> _Work required_: All pictures are to be omitted while the lines starting at the line with "Laser Electrical Motueka photo 2" and ending at the line with "image for item FA9799 Plumbing supplies" in the material below are retyped exactly, both ends included.

> _Exercise input_:
········

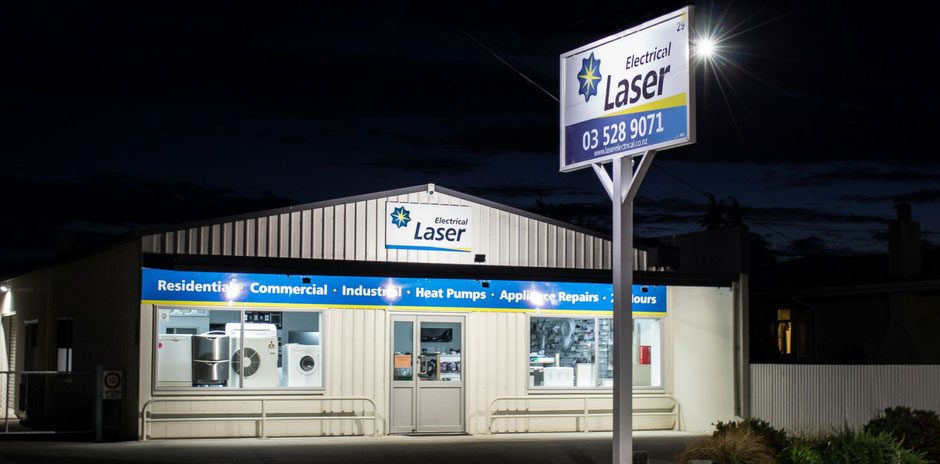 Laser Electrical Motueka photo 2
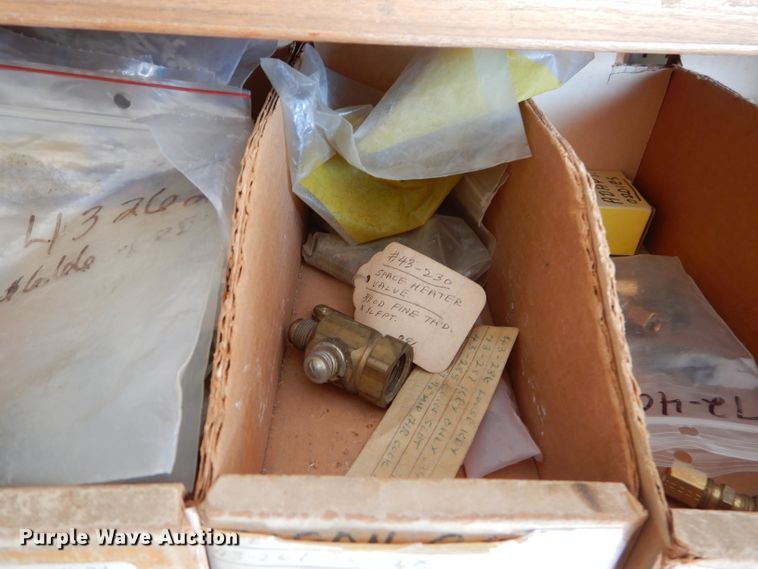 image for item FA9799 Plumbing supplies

········

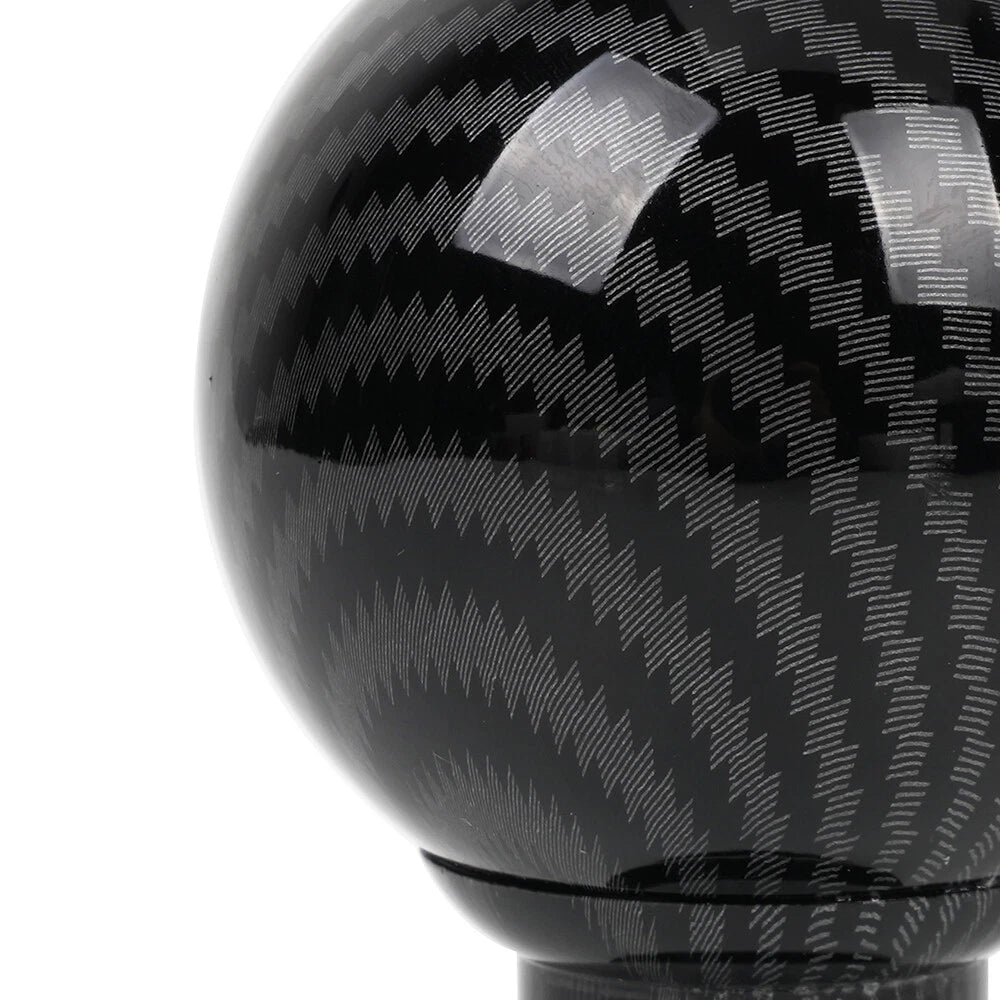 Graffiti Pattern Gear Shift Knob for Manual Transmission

········

> _Answer below_:
 Laser Electrical Motueka photo 2
 image for item FA9799 Plumbing supplies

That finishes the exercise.